PAX: Sox, Heater, The Dude, Stamp, Popcorn, Who Dey, Faucet, Tails and a Bone Daddy cameo
“You’re not mad,” said the voice in my head.
“Of course not,” said a second voice. “But you may be crazy.”
Why this internal debate? Because of someone named Murph.
To many, Murphy’s Law is a certainty. To fitness aficionados , “Murph” brings visions of craziness. The fitness routine named after a Navy Seal slain in Afghanistan consists of a 1 mile run, 100 pull ups, 200 merkins (pushups), 300 squats, topped off with another 1 mile run.
“But you’re not Navy Seals! That’s crazy!!”
F3 mantra: modify according to fitness level.
Ten PAX reporting to DeHavilland this Saturday morning. Sox, Heater, The Dude, Stamp, Popcorn, Who Dey, Faucet, Tails, and the Ancient One commonly known as Wilson at Q. (Bone Daddy made a cameo due to other fitness comittments.) No FNG (Friendly New Guy) this week.
Our normal venue was occupied by a lone fisherman seeking tranquility in the early morning, so we deviated to a grassy area for warm ups. (We wouldn’t want the locals to think we’re crazy…)
20 Side-straddle hops – IC
10 X jumps left – IC
15 LBC oyo
10 X jumps right – IC
Swivel hips right/left
20 Wind mills – IC
20 Pickin’ Taters – IC
Mosey up the hill for the main Thang.
Redefining Murph to meet fitness levels and time constraints, we had two variations:
We eliminated the mile run and replaced it with running to the pull up bar. We further interrupted Murph by breaking down the exercise into 10 sets: 10 pull ups; 20 pushups; 30 squats.
Should that need further modification, we offered,
The same routine, but breaking down the exercises by 50%, but doing 20 sets to hit the targets: 5 pull ups; 10 pushups; 15 squats.
Modified pull ups included chin ups, jumping pull ups, or hanging for a 10 count, preferably with lats contracted.

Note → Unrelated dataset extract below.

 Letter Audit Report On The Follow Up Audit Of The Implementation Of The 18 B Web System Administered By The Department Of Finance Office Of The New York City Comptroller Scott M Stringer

Modified pushups included from the knees, or planking for a 20 count.
Back the flag, we ended our time with stretches: Sloooow hindu merkins and hold; Step throughs with a half-bridge hold; and a variety of other stretches.
“This is crazy!!” screams the voice. “You are 65 years old! You’re too old for this! Who would follow an old goat like you?”
Come next Saturday to Delco Park, 7:00 a.m., and I’ll introduce you to my nine crazy friends.
And to the voice in my head.
Wilson Tog (The Old Goat)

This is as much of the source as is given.